In situ todo se advierte de otra forma, para los ocho trabajadores, entre celadores y psicólogos elegidos para desempeñar el laborioso trabajo de etiquetar el comportamiento de Di y evaluar un diagnostico definitivo. Ahora ya no se trataba de las rutinas monótonas que habíamos estado ejecutando, en el centro médico, con enfermos mentales, en un estado moderado en esos ámbitos, en labores digamos más sencillas, como administrar medicamentos, evaluaciones semanales con diagnósticos sencillos, acompañar a los enfermos a participar de sus rutinas de aseo y demás.
En un principio se nos presento como un caso goloso, en el que las practicas abrirían nuevos campos laborales y a nivel personal recopilaríamos mayor experiencia en el tratamiento a sujetos, con déficit extremos y alterados de personalidad. El sobre sueldo también era untuoso, un cincuenta por ciento más sobre el sueldo, con los pluses, de días festivos, nocturnos y guardias incluidas, pagándonos dietas y traslados.
Los requisitos eran el aislamiento en el fin del mundo, durante un periodo no menor a tres meses. Las normas de conducta que debíamos seguir eran claras, no podíamos abandonar el recinto a una distancia superior de cien metros, permaneceríamos sin coche y sin comunicación con el exterior, una vez al mes, nos suministrarían alimentos y demás enseres que la dirección estableció como necesarios. En un principio a todos nos pareció sencillo y llevadero, después de leer y releer bien la documentación, firmamos.

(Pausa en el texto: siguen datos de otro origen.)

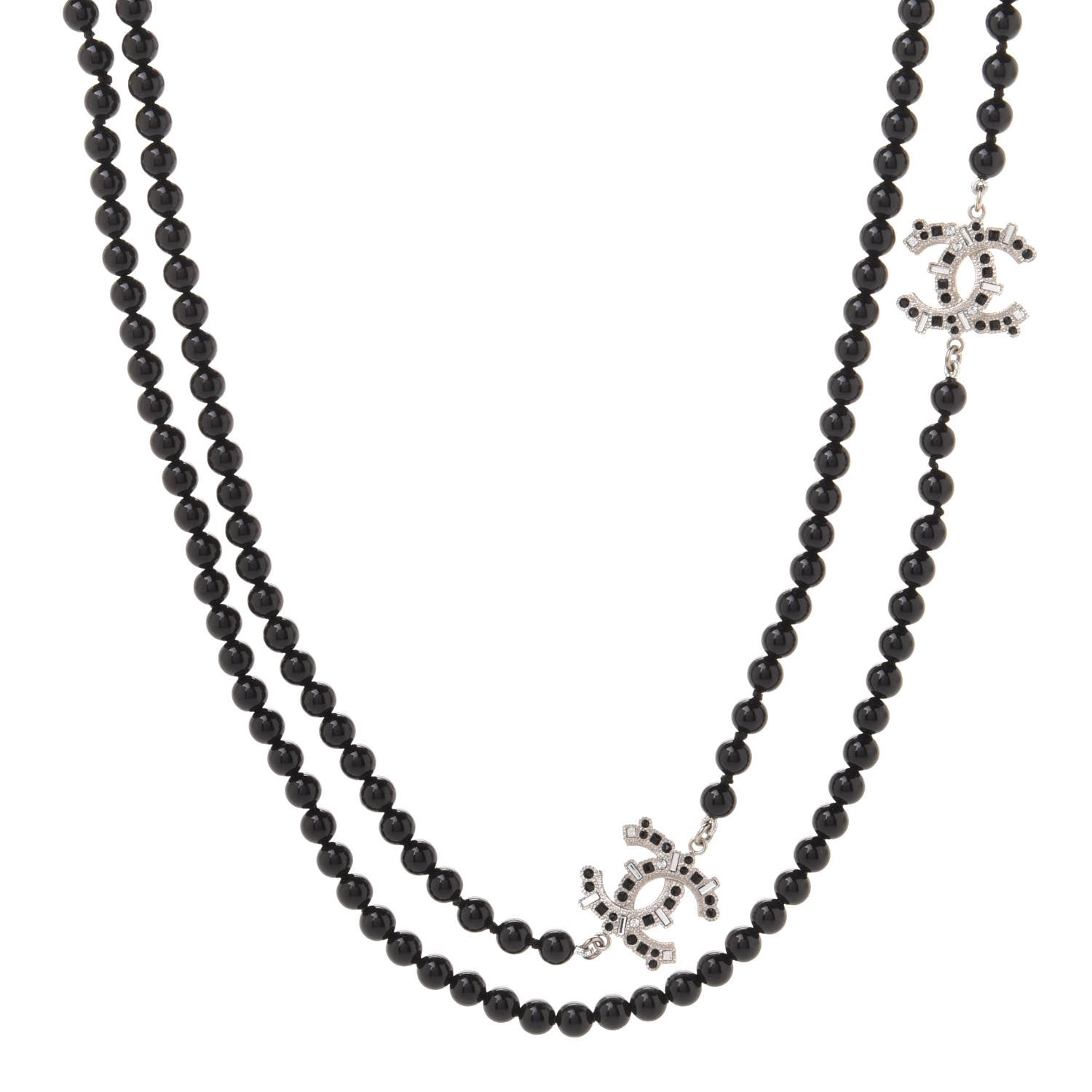 Chanel Ruthenium Crystal Baguette Pearl Beaded CC Long Necklace Black 1 of 6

Una vez conformado el acuerdo con nuestros superiores, nos indicaron con escasas palabras, que el paciente y el expediente, nos estarían esperando a nuestra llegada al sanatorio que habían reinventado. Recordaba todos estos pasos desde mi llegada hasta el momento en el que me encontraba, fijando mi mirada en el infinito, pero un ligero y sutil movimiento me desconcentro e hizo que girara la cabeza hacia el monitor que se encontraba a mi espalda.
Una imagen congelada en la pantalla provoco que me estremeciera, en un instante pareció cobrar vida y retornar a otra diferente de la imagen fijada, al parecer nadie se dio cuenta de ese detalle y opte por no decir nada, seguro que sería fruto de mi imaginación.
Abandoné la estancia apretándome las manos contra el pecho y esperando a que el escalofrío que recorría mi cuerpo cesara, necesitaba respirar aire puro. Baje las escaleras del primer piso casi atropellando a una de mis compañeras, abrí la puerta del exterior mientras a lo lejos oía sus protestas. Salir a la calle fue como rejuvenecer, con cada bocanada de aire que respiraba, sentía como desaparecía la opresión que se adueñaba de mi en el interior del edificio.